Thursday, February 22, 2018

Dunkirk and the Slow Death: A Movie About Nothing

Christopher Nolan proves once again how easily dazzled people are when something seems deep, because, I suppose, Dunkirk seems like a deep movie, all about the desperation of war and whatnot; but, really, Dunkirk is a movie about nothing. It is a movie that says nothing. It is a movie that does nothing. Well, nothing other than lazily follow the pseudo-protagonist around as he spends the movie running away.

In fact, nearly the whole movie is about running away. It's a movie about running away that is capped off by Winston Churchill's famous we-will-fight-them-everywhere speech.

I know. That's so deep. Except that it's not.

It also contains a bunch of purposeless non-linear elements. And don't get me wrong; I have nothing against non-linear story telling... as long as it serves the purpose of the story, but this felt more like it was there because people expect it of Nolan. You know, it's his signature thing so he has to include it even if it doesn't belong in this movie. So what we get is incongruous shots of a mid-day dog fight cut with scenes of a ship sinking in the middle of the night.

Oh! But maybe that's deep!
No, not really. It's just sloppy, bad story telling.
And that doesn't even touch on how we cut back to the same dog fight toward the end of the movie but seen from a different character's perspective.
Basically, the whole movie is out of sequence. None of it serves the story. And some of it is actually conflicting.

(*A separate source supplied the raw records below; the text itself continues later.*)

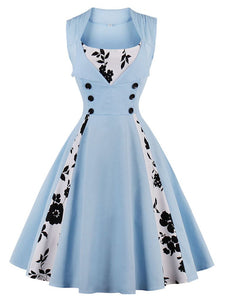 Cotton Flapper Floral Sleeveless1950s Dress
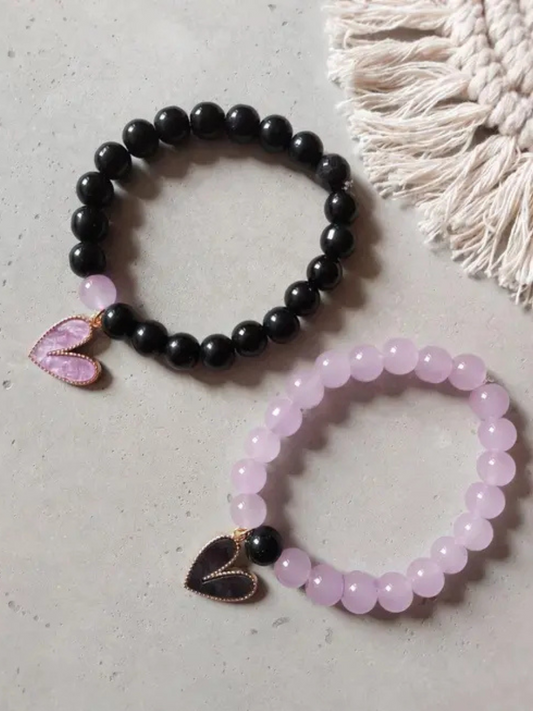 Heart Charms Black and Purple Beaded Bracelets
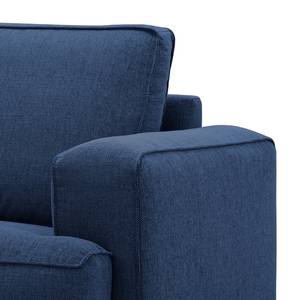 Ecksofa Navona Webstoff Webstoff Anda II: Blau - Longchair davorstehend links - Schwarz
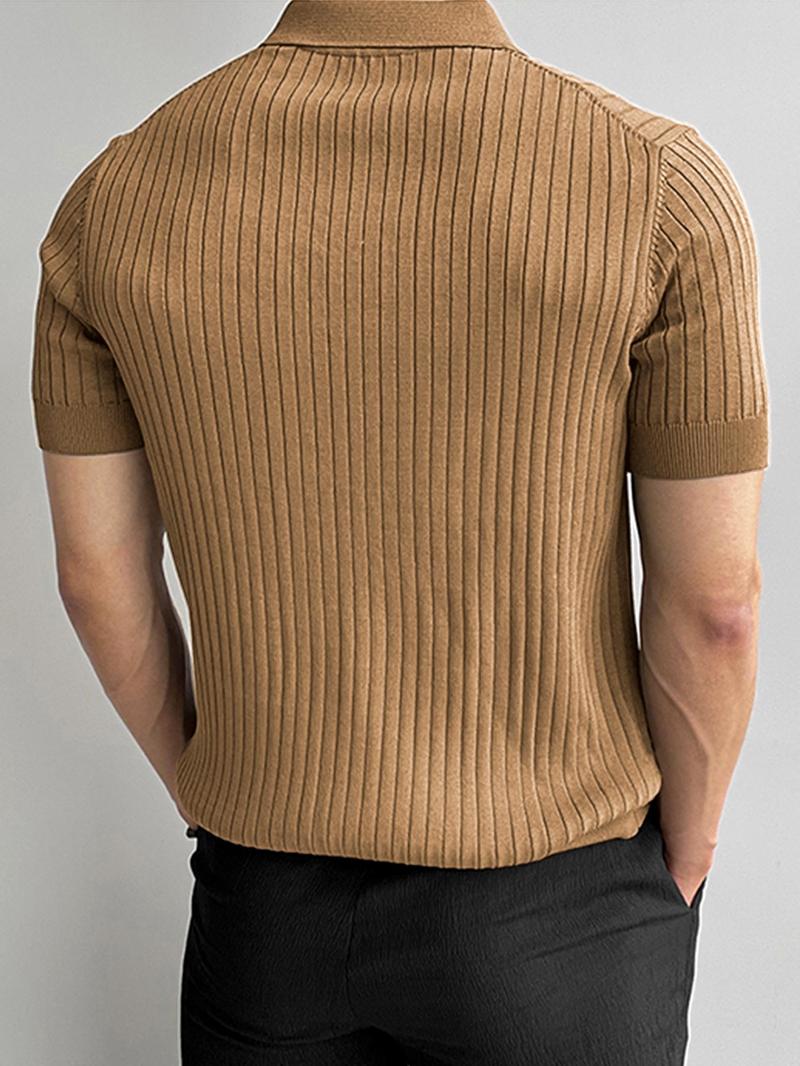 Product Introduction of Men's Solid Textured Short Sleeve Polo Shirt, Regular Fit Casual Fashion Button Front Collared Knitting Top for Summer, Fashion Men's Clothes for Daily Wear 4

But, you know, Nolan is so deep.

I'm not even going to talk about the acting. Generally speaking, the actors all seemed bored. I think Nolan wanted them to seem bored, so I suppose that's good acting, but it makes a movie that comes in at only about one hour and forty-five minutes feel like you were watching it for three. But, maybe, my problem was that I didn't watch it in the theater. I wasn't fully immersed in the bigness of it.
Except that it's really a small movie.

Look, let's use the potty meter to measure this movie. In a good movie, you don't want to have to get up and go to the bathroom because you're worried you might miss something but, in this movie, you could have gone to take a nice long dump and come back to find that you missed... nothing at all. Maybe some more guys died, because people keep dying all around the pseudo-protagonist, but it's almost certain you wouldn't have missed any important dialogue because there's really not any. Hmm, now I'm wondering how long the movie would be if you kept only the bits with dialogue. 20 minutes?

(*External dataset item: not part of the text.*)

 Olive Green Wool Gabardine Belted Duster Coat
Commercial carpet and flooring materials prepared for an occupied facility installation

The biggest issue with the movie is that it is very unclear about who the enemy is. Or any context about what's going on at all. Sure, maybe Nolan just assumes that everyone should know enough about World War II to supply that for themselves, and maybe everyone should, but it's abundantly clear that a vast amount of people don't know anything about World War II and have no context for what's going on. Shithead Nolan couldn't even identify the Nazis as the enemy in the opening text. No, he just says, "They're surrounded by the enemy."

What the actual fuck, Nolan? You can't do better than that? What enemy? Aliens? Goblins? Ravaging hordes of barbarians? No, it was Nazis, and you should have been clear about that.

But, then, it's painfully obvious that this was your go-to for trying to win a best picture Oscar after losing with Interstellar, an artsy movie about WWII. But this movie shouldn't have been nominated at all. It's just a hollow piece of chocolate that is ultimately disappointing because it has no substance. Bad chocolate, at that.


  1. Just stop watching Nolan movies. I thought it was brilliant and an incredibly unique take on a war film.

    1. Alex: Do you want me to quit watching them so that I'll quit pointing out how most of them are actually bad movies?

  2. I think the point was that it was a chaotic time and no one knew what was going on. And yes, they were running away.

    But I haven't seen the movie, so I have no idea how well it works. As I'm not a war movie aficionado, I have a feeling I'll feel about it much as you do.

    1. Liz: I think you're giving him more credit than what's there. I'm pretty sure the point was to make an artsy war movie nominally set in WWII to be blatant Oscar bait.

  3. I haven't seen the movie (and probably won't) so the only thing I can really disagree with you is about it not being nomination-quality. The academy only nominates movies based on what they like, and what they like is WWII movies. I'm not saying that this is how it should be, but something like two thirds of the voters are old white men. Of course they like WWII movies.